So the next question is how many calibrated hygrometers per cubic inch of storage space to determine how homogeneous the RH is for a given space? Of course this applies mostly to larger humidified spaces. Are your fans working?


----------



## IslandRick (Aug 20, 2007)

Corona Gigante said:


> Do they offer any means to test the accuracy of their product, or is the message "no need to check, just trust us?"
> 
> I've owned several digital hygrometers of various brands and not one of them was accurate to within 5%.


Same here. Of several of the fancy digital hygrometers, the most accurate one I have is a $5 Walmart hygrometer that is within 3% RH. Thats where I'll get my next one too.

Rick
:cb


----------



## Geno (Jan 22, 2008)

Corona Gigante said:


> Do they offer any means to test the accuracy of their product, or is the message "no need to check, just trust us?"
> 
> I've owned several digital hygrometers of various brands and not one of them was accurate to within 5%.

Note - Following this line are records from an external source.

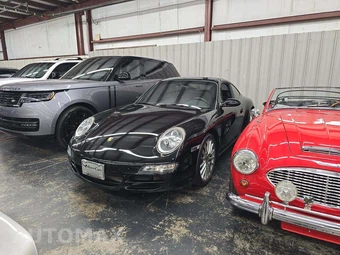2008 Porsche 911 Carrera Coupe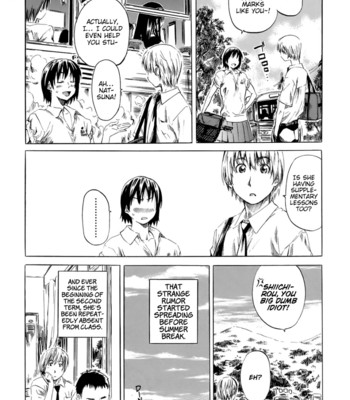 Kimi no sukina onnanoko no katachi | shape of your favorite girl ch. 1-5 comic porn sex 8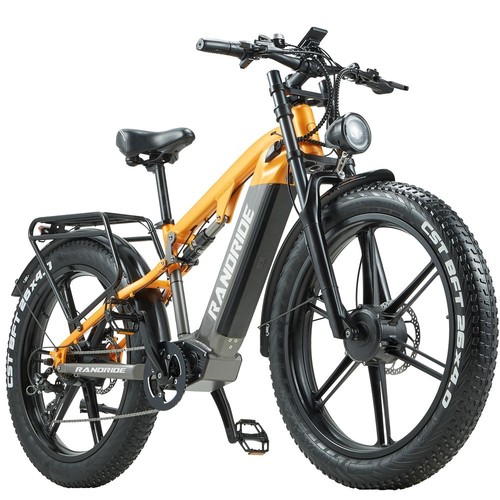 Dual motor 20ah off - motor, off-road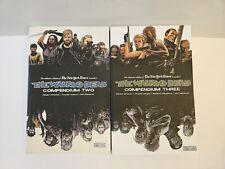 Lot of 2 The Walking Dead Compendium TPB 2 & 3 Graphic Novels picture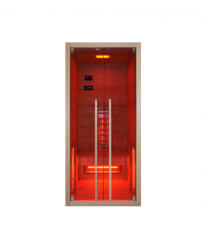 Sanotechnik RUBY 1 egyszemélyes infraszauna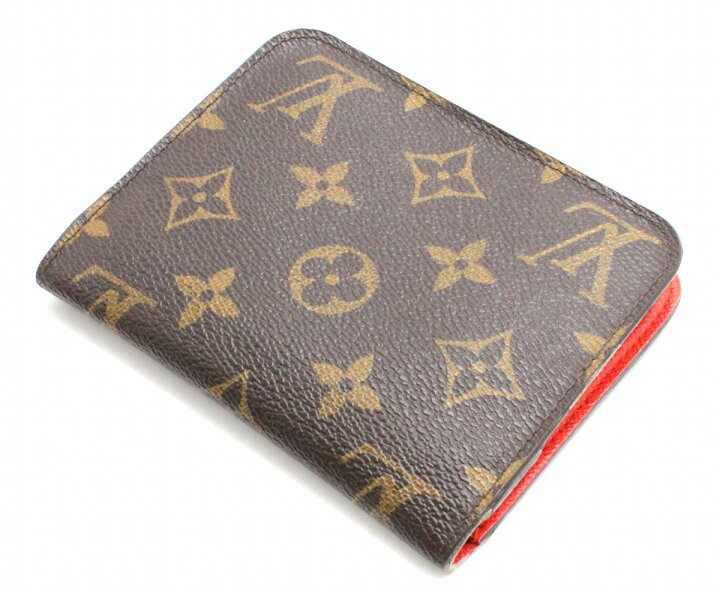 楽天市場】【財布】LOUIS VUITTON ルイ ヴィトン モノグラム 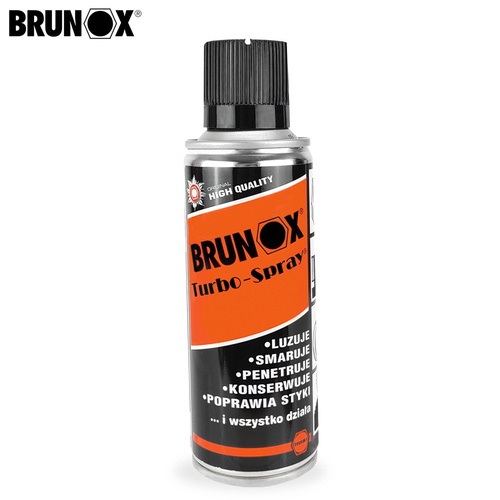 BRUNOX Turbo Spray - środek penetrujący 200 ml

The instructions specifically state " Do NOT wrap this this guage in a wet towel to test the accuracy. Do NOT attempt to perform the salt test." I think they may be over confident in their product, but I just don't feel the need to worry over humidity if my smokes are aging and smoking well. I do keep the humidity level of my humi between 65%-68%, according to the _uncalibrated _reading on the CALIBER III and haven't had any issues. Check out this thread.

http://www.clubstogie.com/vb/showthread.php?p=1462997


----------



## RUJohnny99 (Jan 20, 2008)

Assuming these things leave the factory calibrated, what causes them to become off? I have a digital that is -9 off. Will it always be -9 off or will it readjust if I change the battery or drop it a few times?


----------



## J-Man (Feb 16, 2008)

I'm glad I stumbled on this post. I am testing a new digi now and it's about 6% off. Thought I would have to return it!


----------



## NCRadioMan (Feb 28, 2005)

Geno said:


> The instructions specifically state " Do NOT wrap this this guage in a wet towel to test the accuracy. Do NOT attempt to perform the salt test."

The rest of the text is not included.